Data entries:
####################
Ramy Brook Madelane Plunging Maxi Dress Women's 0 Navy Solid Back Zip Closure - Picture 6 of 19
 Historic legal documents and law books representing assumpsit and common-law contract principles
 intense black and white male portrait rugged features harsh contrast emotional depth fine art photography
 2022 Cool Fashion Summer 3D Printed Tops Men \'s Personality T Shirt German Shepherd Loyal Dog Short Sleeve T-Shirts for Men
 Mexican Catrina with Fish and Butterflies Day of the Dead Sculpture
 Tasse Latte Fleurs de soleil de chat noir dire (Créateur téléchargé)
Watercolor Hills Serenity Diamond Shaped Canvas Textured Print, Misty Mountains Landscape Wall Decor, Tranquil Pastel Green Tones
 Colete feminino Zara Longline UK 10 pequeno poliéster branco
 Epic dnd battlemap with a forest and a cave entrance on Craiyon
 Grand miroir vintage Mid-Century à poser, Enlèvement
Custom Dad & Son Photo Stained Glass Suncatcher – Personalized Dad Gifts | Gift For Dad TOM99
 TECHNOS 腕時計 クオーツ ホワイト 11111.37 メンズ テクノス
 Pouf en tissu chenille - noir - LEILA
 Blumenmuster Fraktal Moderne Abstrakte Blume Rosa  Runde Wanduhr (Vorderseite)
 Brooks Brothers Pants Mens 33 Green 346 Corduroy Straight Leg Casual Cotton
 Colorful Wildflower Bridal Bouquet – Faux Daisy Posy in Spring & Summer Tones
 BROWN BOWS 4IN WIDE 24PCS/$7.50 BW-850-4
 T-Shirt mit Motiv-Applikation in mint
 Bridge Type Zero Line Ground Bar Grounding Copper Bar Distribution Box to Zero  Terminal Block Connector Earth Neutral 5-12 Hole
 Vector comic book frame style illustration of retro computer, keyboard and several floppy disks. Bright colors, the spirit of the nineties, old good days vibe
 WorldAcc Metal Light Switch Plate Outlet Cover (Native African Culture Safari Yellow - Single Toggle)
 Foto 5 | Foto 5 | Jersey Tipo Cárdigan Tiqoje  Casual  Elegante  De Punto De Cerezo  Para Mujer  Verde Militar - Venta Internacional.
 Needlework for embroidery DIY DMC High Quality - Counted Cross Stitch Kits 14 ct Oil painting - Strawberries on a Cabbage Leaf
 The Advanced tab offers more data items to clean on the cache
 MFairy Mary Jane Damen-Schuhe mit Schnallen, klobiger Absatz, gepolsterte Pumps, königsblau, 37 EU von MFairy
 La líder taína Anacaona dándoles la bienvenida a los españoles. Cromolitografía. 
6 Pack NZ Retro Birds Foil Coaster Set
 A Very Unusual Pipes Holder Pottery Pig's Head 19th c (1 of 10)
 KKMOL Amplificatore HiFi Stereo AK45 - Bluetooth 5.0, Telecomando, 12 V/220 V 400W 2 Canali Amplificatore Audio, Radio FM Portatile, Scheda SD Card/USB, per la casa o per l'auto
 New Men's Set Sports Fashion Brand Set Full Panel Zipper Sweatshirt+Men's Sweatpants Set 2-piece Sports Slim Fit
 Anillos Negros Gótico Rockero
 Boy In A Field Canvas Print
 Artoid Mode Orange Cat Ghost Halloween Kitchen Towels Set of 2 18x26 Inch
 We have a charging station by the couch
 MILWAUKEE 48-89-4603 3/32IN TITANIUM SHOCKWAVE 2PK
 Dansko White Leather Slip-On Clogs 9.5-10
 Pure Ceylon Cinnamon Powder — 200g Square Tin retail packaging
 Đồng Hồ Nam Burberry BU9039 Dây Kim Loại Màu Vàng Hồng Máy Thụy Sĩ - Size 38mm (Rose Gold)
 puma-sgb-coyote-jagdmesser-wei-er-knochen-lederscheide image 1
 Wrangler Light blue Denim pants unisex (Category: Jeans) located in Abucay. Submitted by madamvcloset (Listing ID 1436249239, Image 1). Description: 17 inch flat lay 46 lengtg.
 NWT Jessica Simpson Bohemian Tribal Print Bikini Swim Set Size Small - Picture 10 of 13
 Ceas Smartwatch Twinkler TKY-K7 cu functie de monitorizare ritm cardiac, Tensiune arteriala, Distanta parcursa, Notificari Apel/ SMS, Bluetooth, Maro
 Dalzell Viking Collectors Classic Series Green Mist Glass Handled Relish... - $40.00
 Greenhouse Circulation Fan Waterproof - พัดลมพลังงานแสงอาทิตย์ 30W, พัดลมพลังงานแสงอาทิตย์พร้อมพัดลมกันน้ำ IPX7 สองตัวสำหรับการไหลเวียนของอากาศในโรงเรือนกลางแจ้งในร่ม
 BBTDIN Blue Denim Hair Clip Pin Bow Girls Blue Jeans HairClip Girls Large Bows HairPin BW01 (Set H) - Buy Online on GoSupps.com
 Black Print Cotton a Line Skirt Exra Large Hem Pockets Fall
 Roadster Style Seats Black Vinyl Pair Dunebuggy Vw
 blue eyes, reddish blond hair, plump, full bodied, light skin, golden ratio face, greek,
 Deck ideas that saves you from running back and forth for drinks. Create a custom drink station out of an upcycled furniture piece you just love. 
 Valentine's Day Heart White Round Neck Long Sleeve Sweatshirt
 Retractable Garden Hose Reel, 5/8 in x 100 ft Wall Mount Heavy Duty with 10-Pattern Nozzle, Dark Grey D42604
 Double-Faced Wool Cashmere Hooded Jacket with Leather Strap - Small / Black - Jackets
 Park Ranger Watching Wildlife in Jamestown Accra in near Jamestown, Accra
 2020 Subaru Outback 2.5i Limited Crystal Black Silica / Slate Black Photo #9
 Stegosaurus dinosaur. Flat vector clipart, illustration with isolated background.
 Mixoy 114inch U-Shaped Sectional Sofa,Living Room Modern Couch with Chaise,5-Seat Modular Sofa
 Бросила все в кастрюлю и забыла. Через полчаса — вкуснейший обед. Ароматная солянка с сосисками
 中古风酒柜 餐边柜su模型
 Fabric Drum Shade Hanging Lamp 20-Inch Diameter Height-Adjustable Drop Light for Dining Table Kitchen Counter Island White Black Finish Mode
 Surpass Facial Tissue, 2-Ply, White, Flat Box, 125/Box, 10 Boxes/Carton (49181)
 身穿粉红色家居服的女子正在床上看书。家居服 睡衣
####################
▸ **Exercise goal**: Please copy out each entry exactly as it appears above.

▸ **Written response**:
Ramy Brook Madelane Plunging Maxi Dress Women's 0 Navy Solid Back Zip Closure - Picture 6 of 19
 Historic legal documents and law books representing assumpsit and common-law contract principles
 intense black and white male portrait rugged features harsh contrast emotional depth fine art photography
 2022 Cool Fashion Summer 3D Printed Tops Men \'s Personality T Shirt German Shepherd Loyal Dog Short Sleeve T-Shirts for Men
 Mexican Catrina with Fish and Butterflies Day of the Dead Sculpture
 Tasse Latte Fleurs de soleil de chat noir dire (Créateur téléchargé)
Watercolor Hills Serenity Diamond Shaped Canvas Textured Print, Misty Mountains Landscape Wall Decor, Tranquil Pastel Green Tones
 Colete feminino Zara Longline UK 10 pequeno poliéster branco
 Epic dnd battlemap with a forest and a cave entrance on Craiyon
 Grand miroir vintage Mid-Century à poser, Enlèvement
Custom Dad & Son Photo Stained Glass Suncatcher – Personalized Dad Gifts | Gift For Dad TOM99
 TECHNOS 腕時計 クオーツ ホワイト 11111.37 メンズ テクノス
 Pouf en tissu chenille - noir - LEILA
 Blumenmuster Fraktal Moderne Abstrakte Blume Rosa  Runde Wanduhr (Vorderseite)
 Brooks Brothers Pants Mens 33 Green 346 Corduroy Straight Leg Casual Cotton
 Colorful Wildflower Bridal Bouquet – Faux Daisy Posy in Spring & Summer Tones
 BROWN BOWS 4IN WIDE 24PCS/$7.50 BW-850-4
 T-Shirt mit Motiv-Applikation in mint
 Bridge Type Zero Line Ground Bar Grounding Copper Bar Distribution Box to Zero  Terminal Block Connector Earth Neutral 5-12 Hole
 Vector comic book frame style illustration of retro computer, keyboard and several floppy disks. Bright colors, the spirit of the nineties, old good days vibe
 WorldAcc Metal Light Switch Plate Outlet Cover (Native African Culture Safari Yellow - Single Toggle)
 Foto 5 | Foto 5 | Jersey Tipo Cárdigan Tiqoje  Casual  Elegante  De Punto De Cerezo  Para Mujer  Verde Militar - Venta Internacional.
 Needlework for embroidery DIY DMC High Quality - Counted Cross Stitch Kits 14 ct Oil painting - Strawberries on a Cabbage Leaf
 The Advanced tab offers more data items to clean on the cache
 MFairy Mary Jane Damen-Schuhe mit Schnallen, klobiger Absatz, gepolsterte Pumps, königsblau, 37 EU von MFairy
 La líder taína Anacaona dándoles la bienvenida a los españoles. Cromolitografía. 
6 Pack NZ Retro Birds Foil Coaster Set
 A Very Unusual Pipes Holder Pottery Pig's Head 19th c (1 of 10)
 KKMOL Amplificatore HiFi Stereo AK45 - Bluetooth 5.0, Telecomando, 12 V/220 V 400W 2 Canali Amplificatore Audio, Radio FM Portatile, Scheda SD Card/USB, per la casa o per l'auto
 New Men's Set Sports Fashion Brand Set Full Panel Zipper Sweatshirt+Men's Sweatpants Set 2-piece Sports Slim Fit
 Anillos Negros Gótico Rockero
 Boy In A Field Canvas Print
 Artoid Mode Orange Cat Ghost Halloween Kitchen Towels Set of 2 18x26 Inch
 We have a charging station by the couch
 MILWAUKEE 48-89-4603 3/32IN TITANIUM SHOCKWAVE 2PK
 Dansko White Leather Slip-On Clogs 9.5-10
 Pure Ceylon Cinnamon Powder — 200g Square Tin retail packaging
 Đồng Hồ Nam Burberry BU9039 Dây Kim Loại Màu Vàng Hồng Máy Thụy Sĩ - Size 38mm (Rose Gold)
 puma-sgb-coyote-jagdmesser-wei-er-knochen-lederscheide image 1
 Wrangler Light blue Denim pants unisex (Category: Jeans) located in Abucay. Submitted by madamvcloset (Listing ID 1436249239, Image 1). Description: 17 inch flat lay 46 lengtg.
 NWT Jessica Simpson Bohemian Tribal Print Bikini Swim Set Size Small - Picture 10 of 13
 Ceas Smartwatch Twinkler TKY-K7 cu functie de monitorizare ritm cardiac, Tensiune arteriala, Distanta parcursa, Notificari Apel/ SMS, Bluetooth, Maro
 Dalzell Viking Collectors Classic Series Green Mist Glass Handled Relish... - $40.00
 Greenhouse Circulation Fan Waterproof - พัดลมพลังงานแสงอาทิตย์ 30W, พัดลมพลังงานแสงอาทิตย์พร้อมพัดลมกันน้ำ IPX7 สองตัวสำหรับการไหลเวียนของอากาศในโรงเรือนกลางแจ้งในร่ม
 BBTDIN Blue Denim Hair Clip Pin Bow Girls Blue Jeans HairClip Girls Large Bows HairPin BW01 (Set H) - Buy Online on GoSupps.com
 Black Print Cotton a Line Skirt Exra Large Hem Pockets Fall
 Roadster Style Seats Black Vinyl Pair Dunebuggy Vw
 blue eyes, reddish blond hair, plump, full bodied, light skin, golden ratio face, greek,
 Deck ideas that saves you from running back and forth for drinks. Create a custom drink station out of an upcycled furniture piece you just love. 
 Valentine's Day Heart White Round Neck Long Sleeve Sweatshirt
 Retractable Garden Hose Reel, 5/8 in x 100 ft Wall Mount Heavy Duty with 10-Pattern Nozzle, Dark Grey D42604
 Double-Faced Wool Cashmere Hooded Jacket with Leather Strap - Small / Black - Jackets
 Park Ranger Watching Wildlife in Jamestown Accra in near Jamestown, Accra
 2020 Subaru Outback 2.5i Limited Crystal Black Silica / Slate Black Photo #9
 Stegosaurus dinosaur. Flat vector clipart, illustration with isolated background.
 Mixoy 114inch U-Shaped Sectional Sofa,Living Room Modern Couch with Chaise,5-Seat Modular Sofa
 Бросила все в кастрюлю и забыла. Через полчаса — вкуснейший обед. Ароматная солянка с сосисками
 中古风酒柜 餐边柜su模型
 Fabric Drum Shade Hanging Lamp 20-Inch Diameter Height-Adjustable Drop Light for Dining Table Kitchen Counter Island White Black Finish Mode
 Surpass Facial Tissue, 2-Ply, White, Flat Box, 125/Box, 10 Boxes/Carton (49181)
 身穿粉红色家居服的女子正在床上看书。家居服 睡衣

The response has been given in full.